Mais Malamud ne s’arrête pas là. Pour le lecteur de l’époque – son roman est sorti en 1952 –, la scène dans l’hôtel rappelle deux faits divers qui ont défrayé la chronique. En 1932, un joueur des Cubs s’est fait tirer dessus par sa fiancée à l’hôtel Carlos, et, en 1949, une scène similaire a eu lieu à l’Edgewater Beach Hotel, quand une fan obsédée a essayé de tuer un ancien joueur de la même équipe.

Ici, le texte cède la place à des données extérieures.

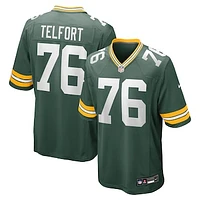 Men's Nike Kadeem Telfort  Green Bay Packers Game Jersey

Il n’en reste pas moins que le récit de référence pour Malamud, comme pour beaucoup de ses confrères juifs américains, est celui du Nouveau Testament, à l’aune du Moyen Âge chevaleresque. Quinze ans après l’attaque, Hobbs essaie d’effectuer son retour, ayant dépassé de justesse l’âge du Christ. Sa résurrection se passera sous les auspices de l’équipe imaginaire des Knights (chevaliers) de New York. L’entraîneur de celle-ci, Pop Fisher, faute de pouvoir veiller sur le Saint Graal, comme l’avait fait le Fisher King (le Roi Pêcheur), essaie de maintenir l’honneur et les traditions des Knights, malgré une santé déclinante.

L’arrivée de Roy Hobbs et de sa batte magique semble apporter un nouvel espoir. Hélas, pour Malamud le moraliste, la femme et l’argent (les deux vont ensemble) restent des tentations redoutables : l’homme a du mal à résister à la luxure. Dans la deuxième vie de Roy Hobbes, elle s’appelle Memo Paris, d’après la Ville Lumière, capitale perçue, outre-Atlantique, non comme le centre historique du pays des Droits de l’homme, mais comme le symbole d’une lascivité excessive.

Il serait injuste d’en rester à ce résumé ironique de la structure du Meilleur : la résonance des mythes ne fait que renforcer la poésie de ses scènes, transformant les matchs de base-ball, sport qu’habituellement je trouve profondément ennuyeux, en quelque chose de surnaturel. Comme par exemple lorsque Roy, traversant une période creuse, aperçoit une femme venue au stade pour l’encourager :

« Il y eut un esclandre dans les tribunes du champ gauche. L’inconnue en rouge s’était levée et, debout au milieu d’une mer de visages bouche bée, elle semblait chercher quelqu’un. Puis elle regarda du côté de l’abri des Knights et fit comme un signe de tête. Un murmure s’éleva de la foule. Certains dirent qu’elle se croyait encore dans la pause de la septième manche ; impossible, répondaient les autres, il n’y avait qu’à regarder le tableau d’affichage. Debout dans la lumière qui la définissait si nettement, on aurait dit qu’elle essayait de faire passer un message sans arriver à le formuler, et certains des fans se sentirent gênés. Elle déclencha une pulsion sexuelle chez son voisin de tribune, pulsion qu’il dissimula en tirant nerveusement sur une cigarette. Roy la remarqua à peine parce qu’il était rongé par l’inquiétude et se demandait sérieusement s’il devrait laisser tomber Wonderboy. »

Le bois blanc de sa batte tiendra-t-il le coup ? Il faut lire Le Meilleur pour le savoir.

  1. Signalons également la parution en poche de L’Homme de Kiev, traduit par Gérard et Solange de Lalène, édition révisée par Hélène Cohen, préface de Jonathan Safran Foer, Rivages poche, 432 p., 10 €.